# Records for this exercise:
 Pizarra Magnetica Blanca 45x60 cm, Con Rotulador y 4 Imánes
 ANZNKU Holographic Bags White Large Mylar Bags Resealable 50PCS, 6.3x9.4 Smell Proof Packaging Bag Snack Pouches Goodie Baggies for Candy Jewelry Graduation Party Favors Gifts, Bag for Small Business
...
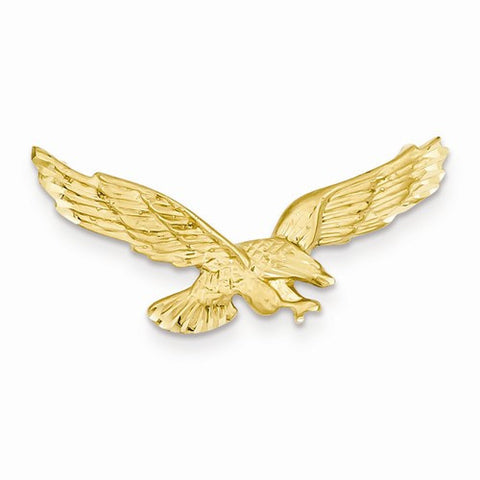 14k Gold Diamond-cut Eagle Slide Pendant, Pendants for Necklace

# Activity:
From the entries above, extract only the lines running from the one containing "Pizarra Magnetica Blanca" through the one containing "ANZNKU Holographic Bags", inclusive.

# Result of this exercise:
 Pizarra Magnetica Blanca 45x60 cm, Con Rotulador y 4 Imánes
 ANZNKU Holographic Bags White Large Mylar Bags Resealable 50PCS, 6.3x9.4 Smell Proof Packaging Bag Snack Pouches Goodie Baggies for Candy Jewelry Graduation Party Favors Gifts, Bag for Small Business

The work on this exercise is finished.